Couples divorcing in Texas have to consider how the division of property and assets will be done. Debt is also split in a divorce, so it’s important to know what to expect.
How is debt divided?
Texas is a community property state, which means that everything within the marriage is divided evenly. Just like assets are divided 50/50 among spouses in divorce, debts are also divided that way. All financial information from both spouses should be presented to determine whether the debt was equally incurred.
Certain types of debt are addressed differently. There is also the factor of whether one spouse incurred the debt prior to the marriage. In that situation, it would be that solely person’s responsibility.
Common types of marital debt
Credit card debt is a common type of marital debt. If divorcing spouses have a joint credit card, both are responsible for paying back debt on it regardless if one used it more.
If you are a cosigner on your spouse’s credit card account, your spouse would be the one responsible. However, if they can’t pay back the debt, it might become your responsibility if you keep your name on the account. You can only remove your name as a cosigner if your spouse agrees to it.
With car loan debt, you can refinance the loan as long as the lender approves. You also have the option of paying off the balance on the loan or selling the vehicle. The judge might order automatic payments made toward paying off the car loan.

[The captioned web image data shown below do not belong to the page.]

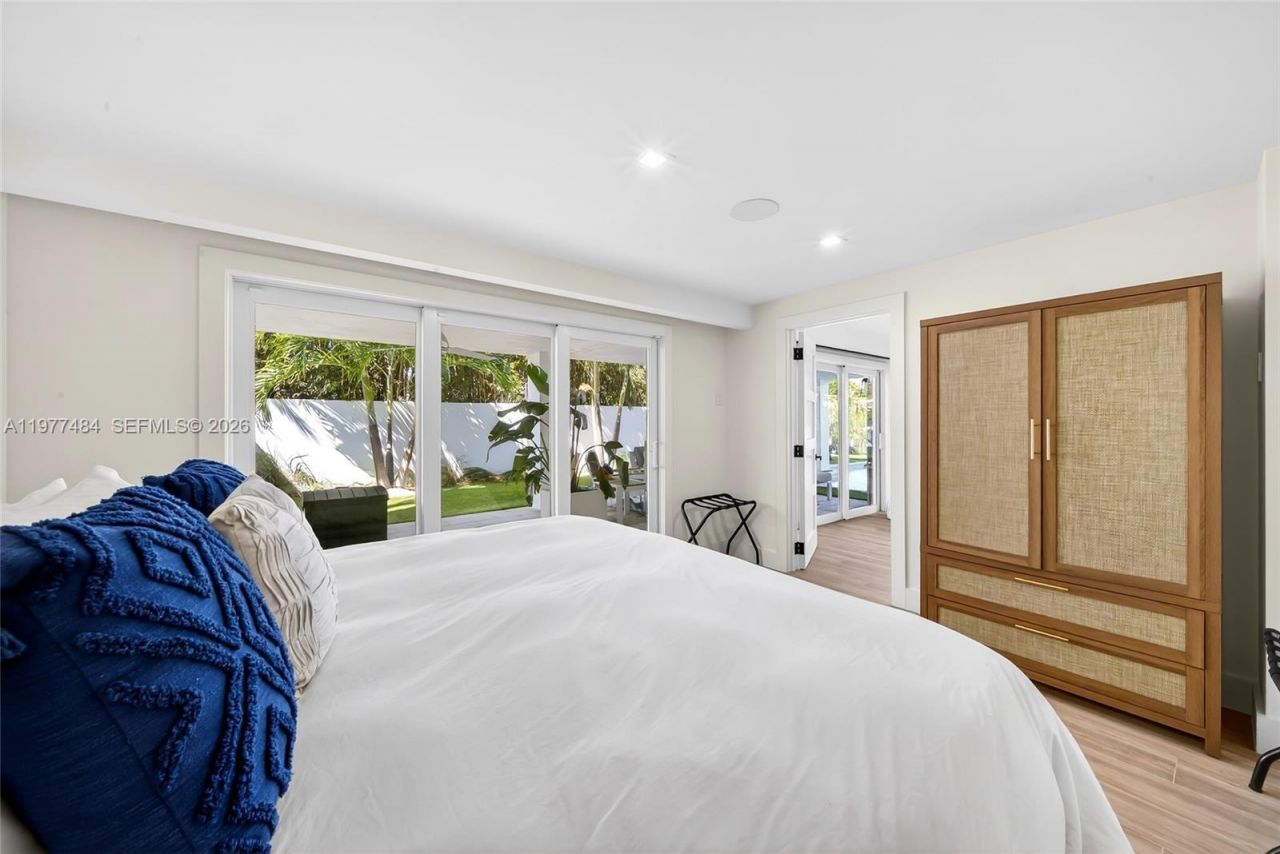 146 Mockingbird Rd , Tavernier, FL 33070 Photo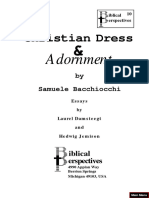 dress.pdf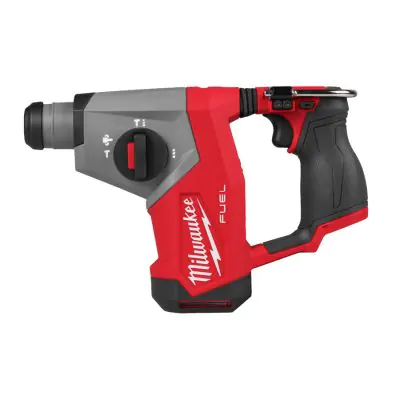 Borehammer M12 FHAC16-0 Milwaukee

The judge might decide that one spouse should be responsible for the mortgage if the couple has a home. This can be complex and might require the help of a professional. The divorcing couple might want to consider selling the home if paying the mortgage is a challenge and both spouses are named on it.
Being smart and taking an inventory of all debts can help you during a divorce. The goal is to pay off as much debt as possible and avoid getting stuck with more than you should be responsible for.